El menú constó de cerdo asado, tamales, yuca hervida, arroz con frijoles colorados y una barra bien provista. Sobra decir que el ron, los cócteles, maltas y cervezas frías corrieron como ríos desbordados al compás de chachachás y guarachas tocados por un trío sobre una improvisada tribuna.
Fernando Campoamor, periodista especializado en la cobertura de la escena social, hizo de maestro de ceremonias y cedió la palabra al invitado de honor. Sosteniendo la medalla en sus manos, el premiado leyó una sencilla nota en su peculiar español: “Me siento muy agradecido y emocionado por este no merecido homenaje. Siempre he entendido que los escritores deben escribir y no hablar. Por lo tanto, quiero ahora donar la medalla que recibí del Premio Nobel de Literatura a Nuestra Señora de la Caridad del Cobre, patrona de este país que tanto amo”. Y entregó la condecoración a Campoamor, quien le agradeció en nombre del pueblo cubano.

Lo que el viento nos dejó
Lo mismo que un ingenio en un batey, la instalación cervecera regía la vida de la localidad. Muchos lugareños se despertaban con el pitazo de la cervecería a las siete de la mañana, o los niños sabían que era la hora del baño cuando la sirena volvía a tocar sobre las cinco de la tarde. Se cuenta incluso que el poblado se sirvió de sus pozos de agua y que el proceso de producción se explicaba como modelo en escuelas de nivel secundario. También contó con un team de béisbol aficionado.
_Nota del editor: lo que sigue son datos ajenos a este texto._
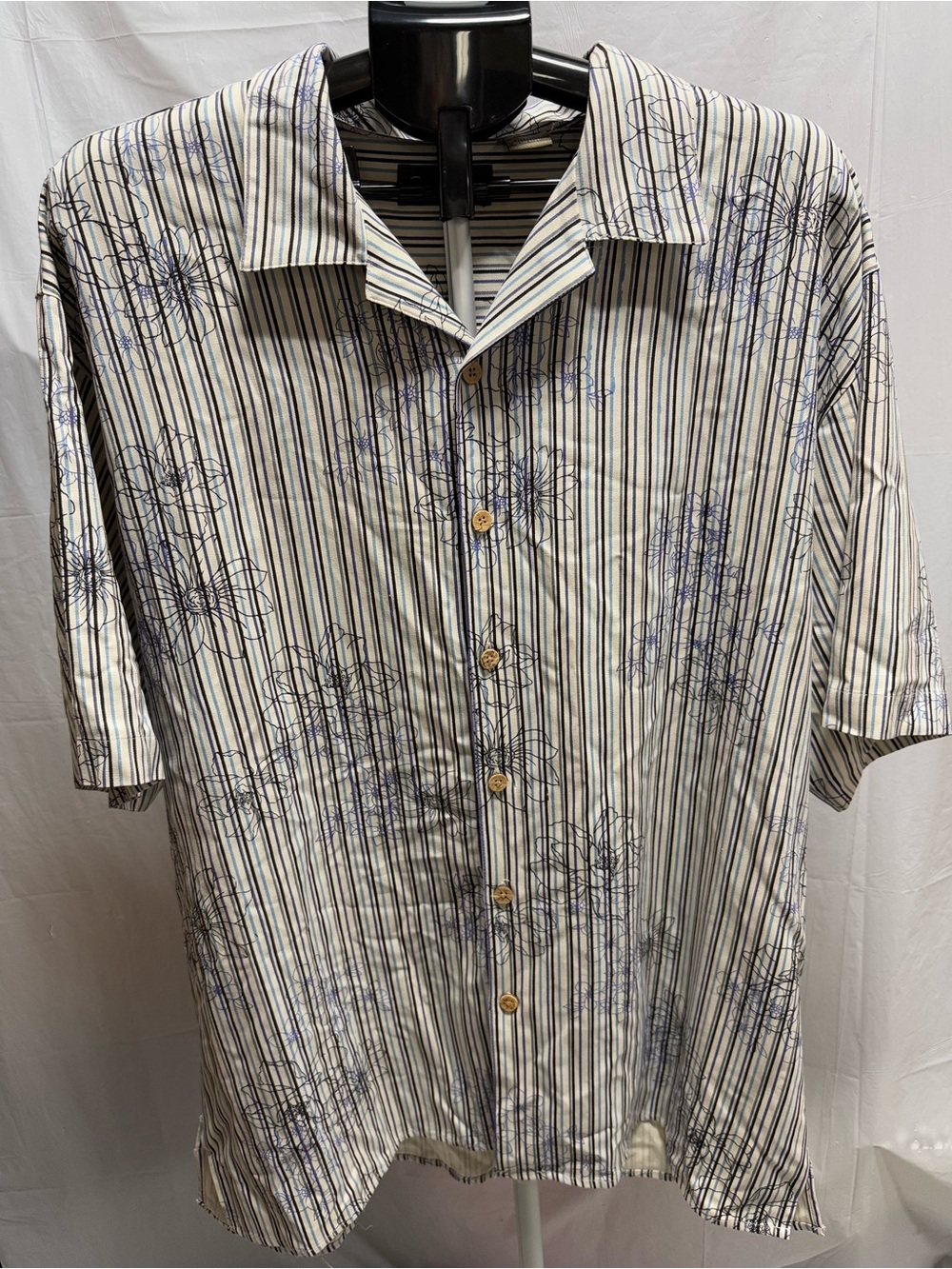 Bobby Chan 100% Silk Abstract Floral Stripe Shirt XL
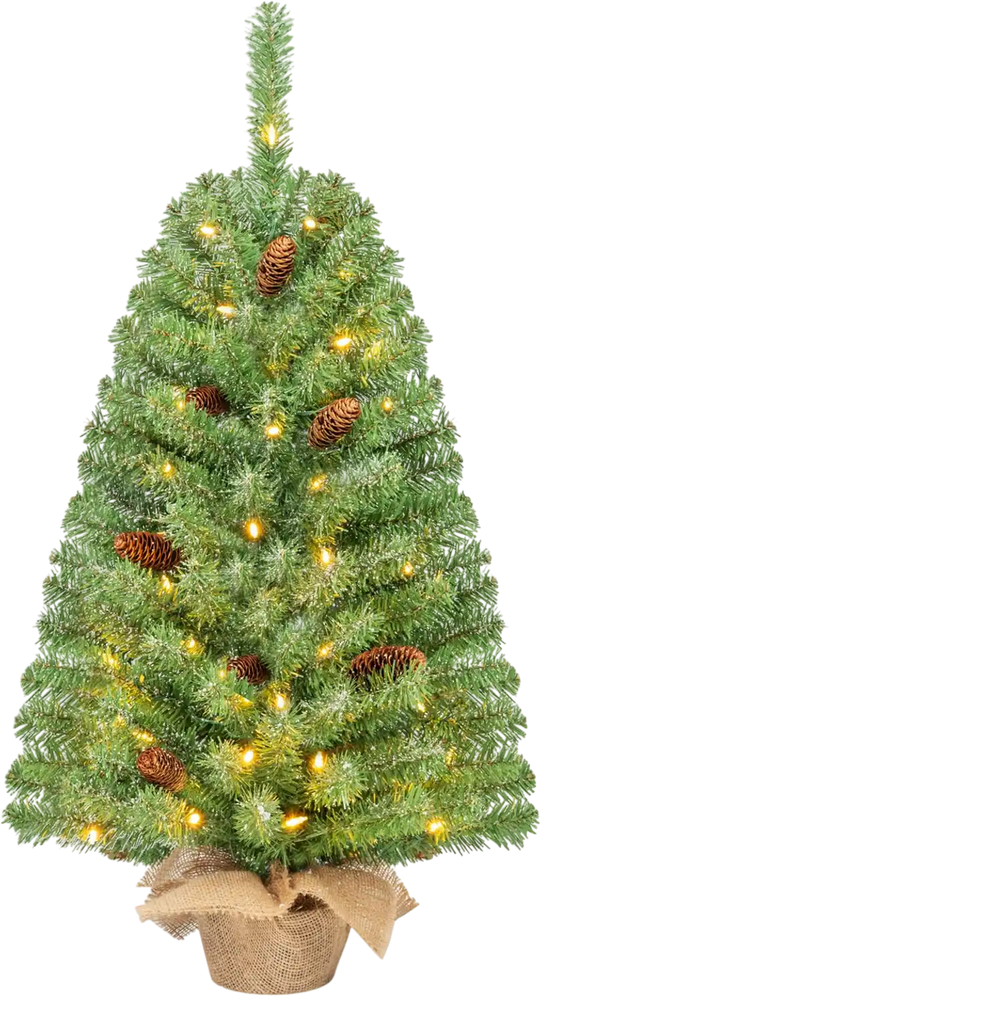Pre-lit mini Christmas tree with 50 warm white LED lights and pine cones, shown close-up with its linen-wrapped base.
Fue lógicamente una formidable fuente de empleo comunitario. Para que se tenga una idea, en julio de 1949, al cumplirse el primer aniversario de la fábrica, laboraban allí 210 obreros y empleados —sin contar agentes de ventas, vendedores, distribuidores y carreros— que disfrutaban salarios promedios comprendidos entre los 7.65 y 10.27 pesos diarios. Eso, aseveraba un reportero de Bohemia, les permitía vivir con cierta holgura. Asimismo, en las navidades, días de reyes o fechas conmemorativas las familias de los trabajadores podían disfrutar de banquetes y festejos en el jardín o el gran merendero, lo que propiciaba una relación fraterna entre fábrica y hogar.
La plantilla aumentaría en los años siguientes, en la medida que se fue multiplicando la capacidad productiva. Para mediados de 1950, la Modelo exportaba a la calle a través de sus líneas mecanizadas la increíble cifra de 10 millones de botellas de cerveza ese año, según indicó un publirreportaje de Mario Kuchilán en la Bohemia del 23 de julio.

El 14 de octubre de 1960 acabó nacionalizada y rebautizada con el nombre de Guido Pérez, patriota insigne de El Cotorro que había laborado en la fábrica y fue uno de los jefes locales del Movimiento “26 de julio” durante la huelga del 9 de abril de 1958, por lo cual resultó asesinado.
Con las décadas sobrevino la depauperación del complejo industrial. La Cervecería Modelo volvió a ser noticia el pasado viernes 11 de abril, cuando en una antigua nevera se desató un poderoso incendio que ardió durante veinte horas antes de ser sofocado, arruinando aún más la instalación. De sus años mozos, añejas tradiciones y valores patrimoniales no quedan más que nostalgias, sombras y cenizas.